Last year Computers & Law reported on the UK Jurisdiction Taskforce’s Legal Statement on the Status of Cryptoassets and Smart Contracts. The statement said that in principle, cryptoassets can be treated as property and that smart contracts are enforceable by the courts.
In AA v Persons Unknown & Ors, Re Bitcoin [2019] EWHC 3556 the Court held that a cryptoasset such as Bitcoin is property in an application for an interim proprietary injunction.
The High Court of New Zealand has now issued its ruling in Ruscoe v Cryptopia Limited (in liquidation) CIV-2019-409-000544 [2020] NZHC 728. The ruling referred to the UK case and the legal statement.
Background and questions for the court
Cryptopia Ltd was a cryptocurrency trading exchange. It was placed into liquidation in May 2019 after suffering a serious hack and the loss of some $30 million of cryptocurrency from its exchange.
There were two main issues raised by the liquidators:
(a) are cryptocurrencies a type of “property” under the New Zealand Companies Act and, linked to this, can cryptocurrencies form the subject matter of a trust?
(b) was Cryptopia, in providing a cryptocurrency storage and exchange service for its customers, a trustee of the currency brought onto the exchange by accountholders and held by it?
The court’s ruling
The court considered case law and legislation. In particular, it referred to the established case law which states that “property” (i) must be definable; (ii) is identifiable by third parties; (iii) is capable in its nature of assumption by third parties; and (iv) have some degree of permanence or stability.
The judge said that he was
“satisfied that cryptocurrencies meet the standard criteria outlined…to be considered a species of “property”. They are a type of intangible property as a result of the combination of three interdependent features. They obtain their definition as a result of the public key recording the unit of currency. The control and stability necessary to ownership and for creating a market in the coins are provided by the other two features – the private key attached to the corresponding public key and the generation of a fresh private key upon a transfer of the relevant coin.”
The judge next considered two common arguments that cryptocurrencies do not have the status of “property”:
(a) the common law recognises only two classes of personal property: tangibles and choses in action. Cryptocurrencies are said to be neither.
(b) information is not generally recognised as a form of “property” and cryptocurrencies might be said to be a form of information.
The court dismissed both arguments. The first was a red herring and the argument that cryptocurrency is mere information and therefore it is not property is a simplistic one and therefore wrong in the context of the case.
Finally, the court rejected the argument that there were any public policy grounds why cryptocurrencies should not be considered as property.
The court also concluded that the various cryptocurrencies were at equity held on separate express trusts by Cryptopia for all of the accountholders.

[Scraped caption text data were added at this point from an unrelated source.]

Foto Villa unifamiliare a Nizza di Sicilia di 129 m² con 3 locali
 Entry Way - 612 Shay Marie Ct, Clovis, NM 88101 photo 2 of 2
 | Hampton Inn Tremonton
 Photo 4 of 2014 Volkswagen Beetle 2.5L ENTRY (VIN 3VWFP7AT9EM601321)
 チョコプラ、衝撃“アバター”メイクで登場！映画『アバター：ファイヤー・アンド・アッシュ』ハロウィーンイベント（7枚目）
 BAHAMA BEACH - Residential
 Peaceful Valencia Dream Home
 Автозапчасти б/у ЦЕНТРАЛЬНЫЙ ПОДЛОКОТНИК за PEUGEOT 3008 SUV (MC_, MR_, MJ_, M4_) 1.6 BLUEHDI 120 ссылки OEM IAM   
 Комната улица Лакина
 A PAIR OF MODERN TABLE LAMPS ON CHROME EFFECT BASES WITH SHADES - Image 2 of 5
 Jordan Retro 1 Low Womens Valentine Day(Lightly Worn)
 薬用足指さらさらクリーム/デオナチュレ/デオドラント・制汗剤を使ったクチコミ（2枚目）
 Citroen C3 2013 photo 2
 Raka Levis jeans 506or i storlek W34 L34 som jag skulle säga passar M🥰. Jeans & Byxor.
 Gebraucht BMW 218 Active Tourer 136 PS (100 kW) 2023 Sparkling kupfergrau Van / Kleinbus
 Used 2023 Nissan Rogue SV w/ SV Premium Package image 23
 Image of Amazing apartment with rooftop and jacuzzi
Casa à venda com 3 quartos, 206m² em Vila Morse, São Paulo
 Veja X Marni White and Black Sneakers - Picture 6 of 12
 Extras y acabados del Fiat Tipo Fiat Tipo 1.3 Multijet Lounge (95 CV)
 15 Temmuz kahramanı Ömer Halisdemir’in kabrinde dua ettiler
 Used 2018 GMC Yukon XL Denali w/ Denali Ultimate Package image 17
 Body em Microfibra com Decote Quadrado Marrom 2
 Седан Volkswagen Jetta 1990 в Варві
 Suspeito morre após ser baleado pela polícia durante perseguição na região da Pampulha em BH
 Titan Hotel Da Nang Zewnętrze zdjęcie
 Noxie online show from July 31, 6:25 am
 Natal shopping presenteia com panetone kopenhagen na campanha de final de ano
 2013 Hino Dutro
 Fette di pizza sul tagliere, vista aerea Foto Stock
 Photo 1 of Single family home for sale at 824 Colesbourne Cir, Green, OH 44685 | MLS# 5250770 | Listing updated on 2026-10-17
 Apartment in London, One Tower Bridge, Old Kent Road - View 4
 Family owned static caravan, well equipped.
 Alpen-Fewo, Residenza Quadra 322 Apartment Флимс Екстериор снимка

The court also considered other issues, including how any recovered stolen digital assets should be dealt with. Only those account-holders who hold types of cryptocurrency that were stolen would have suffered a loss as a result of that misappropriation. Any recoveries of misappropriated cryptocurrency should enure to the benefit of those same accountholders. The judge set out an appropriate process to follow.